After all, we rationalize, I’m comfortable, and while everything may not be perfect—it’s okay. I get in trouble when I rock the boat with my family, my church, and my “friends” on social media. When my conscience reproaches me for my complicity, I consume an extra cocktail, another gram or two of my favorite drug, or an extra hour or two on PornHub.
We socialize with people who look and think like we do. We gather with our family at holidays, at church on Sunday, and peruse partisan groups on Facebook. We refuse to associate with those who trouble our thoughts. We do not stop to realize that a country of unthinking people is entirely at the mercy of ruthless individualists. It is this gradual extinction of the individual thinker that has made America succumb so readily to a dictator.
A million non-thinkers joined together in a base do not, unfortunately, add up to one thinker. Ultimately everything depends on the quality of the thoughtful individual, but the fatally shortsighted habit of our day is to think only in terms of large numbers and mass organizations. One would think that our world has seen more than enough of what an unthinking mob can do in the hands of a single madman.
Unfortunately, we have forgotten our history lessons—and our blindness in this respect is extremely dangerous. People go on blithely organizing and believing in nationalistic fervor, without the least consciousness that the most sovereign countries tend to be easily maintained by the ruthlessness of their leaders and the cheapest of slogans.
They are deluded when the Church and State rope them into social organizations and reduce them to a condition of diminished thinking (i.e. “take up your cross and deny yourself” or “don’t believe what you see” or “truth is what I say”).
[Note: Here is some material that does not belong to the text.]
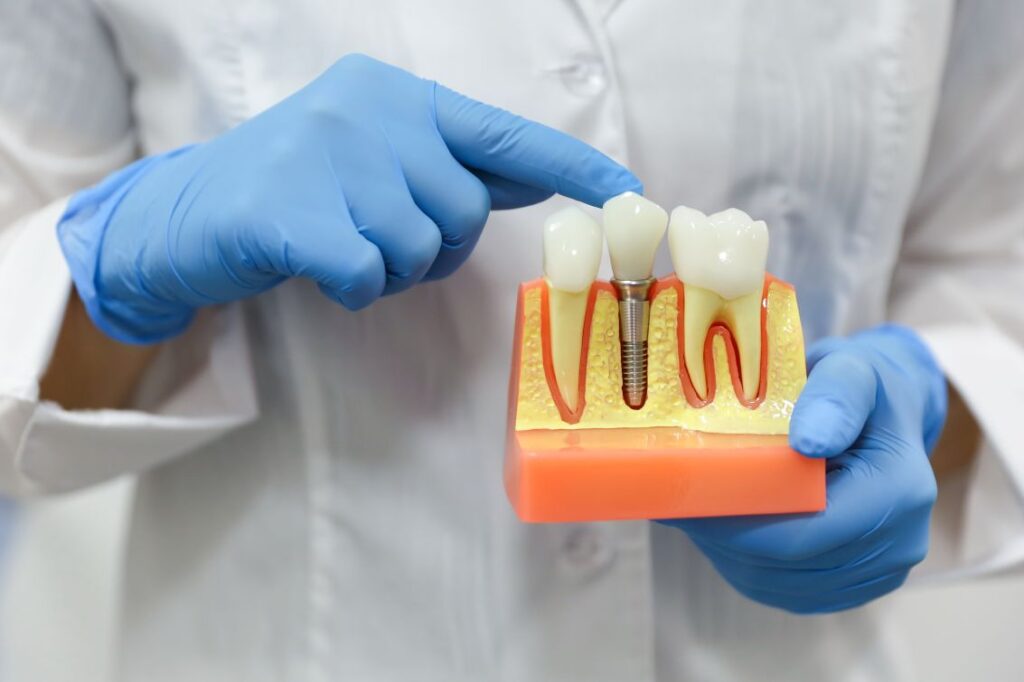 A dentist showing a dental implant model to a patient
Good religious and political leaders should instead be raising individuals out of the indifferent, mindless mass and making it clear that the ability to think critically for themselves is crucial and that the hope of the world consists of the rational thoughts of each individual soul.
Instead, emotional church services and political rallies inundate the individual with fear, shame, guilt, and victimization. When the intoxication has worn off, the base succumbs to yet another more obvious and still louder slogan. “Our leader is anointed by God.”
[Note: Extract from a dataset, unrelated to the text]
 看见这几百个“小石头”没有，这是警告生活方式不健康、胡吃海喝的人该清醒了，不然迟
All mass movements, as one might expect, slip with the greatest of ease down a slippery slope represented by large numbers. We start to believe that where the many are, there is security; what the many believe must, of course, be true; what the many wants must be worth striving for. It must be necessary, and therefore it must be good.
The leaders urge us to let them do all the thinking and looking after our needs. To all questions, they say, there is an easy answer. And for all desires, we will make the necessary provision. The masses escape to drinks, drugs, and porn, which makes it easy for them to fantasize that all is right with the world. The unthinking base never thinks to ask who is paying for this paradise. They hand the balancing of accounts over to a higher political or religious authority, who welcomes the task, for their power is increased. And the more power the Church and State gains, the weaker and more helpless the individual.
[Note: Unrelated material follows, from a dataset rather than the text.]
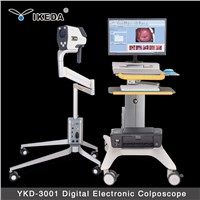 ykd-3001 1080p HD digital video colposcope for vagina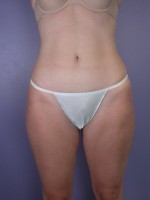 Liposuction Before and after photo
When conditions like this develop on a large scale, the road to tyranny lies open, and the freedom of the individual turns into spiritual and physical slavery. Suffocating chaos is paraded before their eyes every day by the media. Propaganda and conspiracy theories thrive on social networks, and the insignificance of the individual is preached so thoroughly that they lose all hope of making themselves heard.
Resistance to the organized mass (the base) can be achieved only by the person who is well organized in their thinking. They must systematically wade through the chaos and cry out for law and order and unity. Americans must return to our founding principles—liberty and justice for all.
The Christian outlook on life has proven powerless to prevent the rise of perverted and corrupt political and religious authoritarians. Over America hangs such prevailing darkness that it is hard to see why the individual should be interested or to what purpose or ideal they should commit themself. Before this daunting problem, the unthinking person stands helpless.
The darkness is not surprising since practically all the trump cards are in the hands of the authorities. And while it is true that the promised wall bristling with barbed wire has not yet been built on our Mexican border—a wall much higher and stronger has been raised through the soul of America.
In a country where justice is uncertain, and division and fear are at work, human beings fall into isolation, which, of course, is the aim and purpose of the dictator. To counter this danger, the thinking person needs to systematically work to construct a bond of love for their neighbor—no matter which side of the wall they reside. If we continue to think like victims and project our fears upon each other here in America and around the world, democracy and freedom will cease to exist. Much sooner than we might think.
It is very much in the interest of the thinking person (who treasures freedom) to ponder the value of human relationships and camaraderie—for in these values reside our unity and, consequently, our strength. When individual thinking and brotherly love stops, power begins, and violence and terror.